Variant 5: Explicit load balancing (SpMV-CSR-Bal)
  • because we cannot guarantee the “density” of the non-zeros in every row The matrix is split explicitly into p disjoint row bands so that each band contains roughly N/p nonzero elements. The width of bands varies - sparse regions get wider bands, dense regions get narrower bands - but each thread processes approximately the same computational work.

Algorithm: Each thread τ_j (1 ≤ j ≤ p-1) computes its ideal left splitting index as j × N/p in A.Elems, then uses binary search on A.RowStart to find the first row k_j such that A.RowStart[k_j] ≥ j × N/p. This is the real left splitting index. The thread processes all rows from its real left splitting index to just before the next thread’s real left splitting index. Concrete example: For n = 15, N = 42, p = 3: ideal split is 14 + 14 + 14. After snapping to row boundaries, the actual split becomes 16 + 16 + 10.

int band[p+1];
band[p] = n;
 
#pragma omp parallel
{ int my_id = omp_get_thread_num();
  int my_ILSI = my_id * N / p;  // my IDEAL left splitting index in A.Elems
  band[my_id] = binary_search(A.RowStart, my_ILSI);
  // find my 1st row s.t. RowStart[row] >= my_ILSI
 
  #pragma omp barrier  // all threads must finish computing boundaries
 
  for (int i = band[my_id]; i < band[my_id+1]; i++) {
      float sum = 0.0;
      for (int k = A.RowStart[i]; k < A.RowStart[i+1]; k++)
          sum += A.Elems[k] * x[A.ColInd[k]];
      y[i] = sum;
  }
}

The barrier is essential: all threads must finish computing their boundaries before any thread starts reading its neighbor’s boundary. After the barrier, each thread processes its band using the standard sequential CSR SpMVM - no atomic operations needed. Binary search has O(log n) cost, negligible compared to the O(N/p) computation.

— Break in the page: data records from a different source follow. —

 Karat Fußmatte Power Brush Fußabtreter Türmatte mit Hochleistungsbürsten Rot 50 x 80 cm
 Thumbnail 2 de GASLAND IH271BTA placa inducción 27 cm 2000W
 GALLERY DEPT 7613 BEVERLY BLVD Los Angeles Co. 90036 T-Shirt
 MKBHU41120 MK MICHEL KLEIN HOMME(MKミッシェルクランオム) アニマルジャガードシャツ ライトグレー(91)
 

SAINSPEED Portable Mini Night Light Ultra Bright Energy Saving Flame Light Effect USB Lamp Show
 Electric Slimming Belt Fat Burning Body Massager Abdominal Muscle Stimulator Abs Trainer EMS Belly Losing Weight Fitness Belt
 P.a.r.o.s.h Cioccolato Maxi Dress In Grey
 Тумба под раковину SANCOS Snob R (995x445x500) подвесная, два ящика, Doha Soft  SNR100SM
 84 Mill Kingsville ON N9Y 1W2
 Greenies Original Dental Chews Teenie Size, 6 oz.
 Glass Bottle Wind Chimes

Every thread can compute its band independently based on its rank, using binary search in the RowStart array.

  • binary search will do a almost-perfect split and then each thread can operate independently

Comprehensive comparison of parallel SpMVM variants

VariantAtomicFalse sharingLoad balanceOverheadBest for
COO parallelYesUnavoidableDepends on scheduleAtomic serializationNever recommended
CSR staticNoEliminable (alignment)Poor (irregular rows)MinimalUniform-density matrices
CSR static,1NoSignificantSlightly better than staticMinimalAlmost never preferable
CSR static,16NoEliminatedGood (cyclic sampling)MinimalGood general-purpose choice
CSR dynamic,KNoEliminable (K multiple of X)Good to excellentDynamic dispatch overheadDense matrices with irregular rows
CSR balancedNoNot guaranteedExcellentO(p log n) binary search + 1 barrierBest overall for most matrices

Experimental results (12-core CPU, 6 real matrices)

Matrixn [M]N [M]N/nT_COO [ms]T_CSR [ms]
circuit5M5.559.510.719498
FullChip3.026.68.98253
Rajat314.720.34.35637
Nlpkkt1203.595.126.8283144
ldoor0.9542.544.614371
TSOPF_RS_b23830.03816.24246923

CSR is sequentially approximately 2× faster than COO because it reads less data (no RowInd array) and performs only n writes to shared memory instead of N.

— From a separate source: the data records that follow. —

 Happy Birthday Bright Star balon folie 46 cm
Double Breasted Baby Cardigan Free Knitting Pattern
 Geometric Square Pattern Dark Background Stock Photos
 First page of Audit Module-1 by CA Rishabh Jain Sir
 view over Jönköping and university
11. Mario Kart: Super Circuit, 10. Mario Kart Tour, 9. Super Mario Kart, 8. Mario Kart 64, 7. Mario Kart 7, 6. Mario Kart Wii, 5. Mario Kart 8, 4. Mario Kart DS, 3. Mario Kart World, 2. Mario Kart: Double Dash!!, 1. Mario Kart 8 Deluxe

Speedup summary (key observations for p = 4 and p = 12)
  • COO: Slowdown for p = 4. For p = 12, at most 2× speedup. FullChip (very dense rows) causes serialization of atomic accesses to the same address.
  • CSR static: 2 ≤ S(n,4) ≤ 3. For p = 12, speedup drops to roughly S(n,4)/3 - 12 threads are ~3× slower than 4 threads due to load imbalance and memory bus saturation.
  • CSR static,1: Worse than static due to false sharing, except for the densest matrix (TSOPF) where computation amortizes the penalty.
  • CSR static,16: Improvement over static,1 - no false sharing, load balance remains good. With p = 12, denser matrices approach the saturation bound of 4 memory controllers.
  • CSR dynamic,16: Equal or better load balance than static,16. For very sparse matrices (Rajat31), dynamic overhead dominates. For denser matrices, overhead is amortized.
  • CSR balanced: Nearly linear speedup for p = 4 (between 3× and 4× across all matrices). For p = 12, no further improvement beyond p = 4 because 4 memory controllers are already saturated. This is the best variant in most cases.

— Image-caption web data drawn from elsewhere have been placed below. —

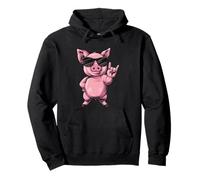 Cool Pig Rock On Funny Pig Lover - Gafas de Sol con gráficos de Animales Sudadera con Capucha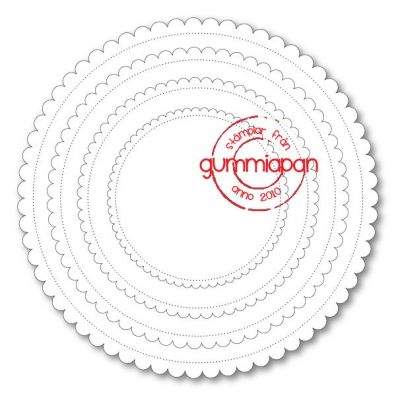 Add on Juli - Gummiapan Dies - Scalloped Circles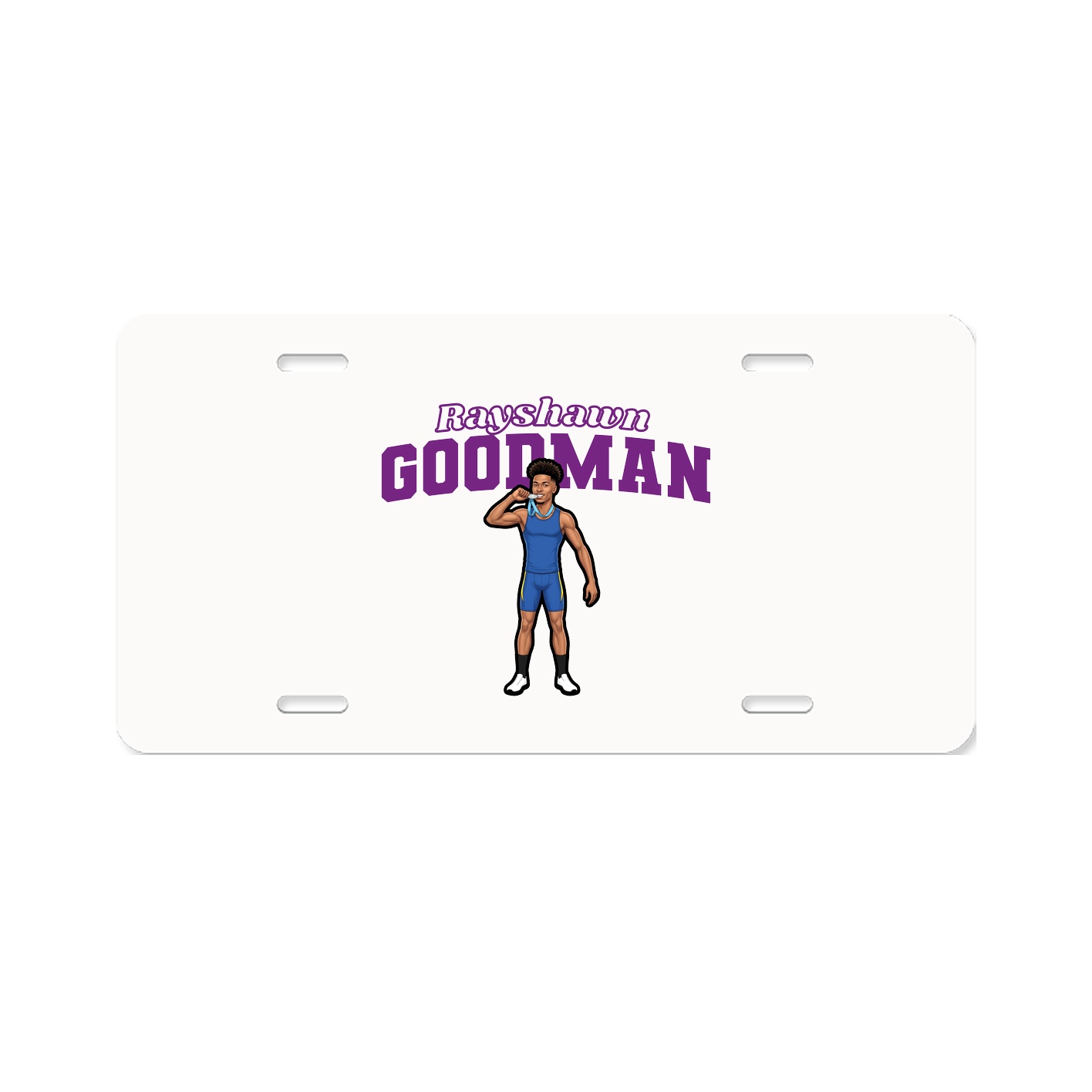 License Plate — Name Arch in Classic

The most critical performance criterion is the architecture of the memory interface. It doesn’t matter whether you use 12 or 4 threads - what matters is the bandwidth between the CPU and the memory.


Key design lessons from SpMVM parallelization

  • Storage format determines parallelizability: COO requires atomic operations and N shared-memory writes; CSR requires neither and performs only n writes. The format choice is more consequential than the scheduling choice.
  • Memory bus saturation is the ultimate limit: For SpMVM, the balanced CSR variant saturates 4 memory controllers with just 4 threads. Adding more threads cannot improve performance beyond this hardware limit.
  • Load balancing for irregular data requires algorithmic effort: Simple OpenMP scheduling directives cannot handle arbitrary nonzero distributions. The balanced method uses knowledge of the RowStart array (binary search) to achieve near-optimal distribution statically.
  • False sharing vs load balance trade-off: static,1 improves balance but adds false sharing; static,16 eliminates false sharing with acceptable balance; dynamic provides best balance but at runtime cost. The optimal choice depends on matrix density.
  • Per-element performance varies by matrix structure: Even sequentially, the time per nonzero varies across matrices due to cache miss effects caused by different sparsity patterns. Irregular column indices (indirect addressing into x) destroy spatial locality.

Potential exam questions

  1. Define the COO and CSR sparse matrix storage formats. For a given example matrix, write out all three arrays for both formats.
  2. What is the memory cost of COO vs CSR? Why does CSR save memory, and by how much?
  3. Write sequential SpMVM code for both COO and CSR. Why is CSR approximately 2× faster sequentially?
  4. Write parallel SpMVM code in COO. Why are atomic operations required? Why is false sharing unavoidable?
  5. Write parallel SpMVM code in CSR. Why are atomic operations not needed regardless of scheduling?
  6. Explain why schedule(static) can lead to arbitrarily unbalanced load in CSR SpMVM. Give a concrete matrix structure example.
  7. Compare schedule(static,1) and schedule(static,16) for CSR SpMVM. Which is better and why?
  8. When is schedule(dynamic,K) preferable to schedule(static,16) for CSR SpMVM? When is it worse?
  9. Describe the balanced SpMVM algorithm (SpMV-CSR-Bal). What is the role of binary search on RowStart? Why is the barrier essential? For n = 15, N = 42, p = 3, show the ideal and actual splitting.
  10. Why does the balanced CSR variant achieve nearly linear speedup for p = 4 but no further improvement for p = 12? What hardware limitation is responsible?
  11. SpMVM in COO performs N writes to shared memory while CSR performs n writes. Explain why this difference is fundamental for parallel performance.
  12. Why is SpMVM classified as a memory-bound algorithm? How does this relate to the HPCG benchmark results discussed earlier in the course?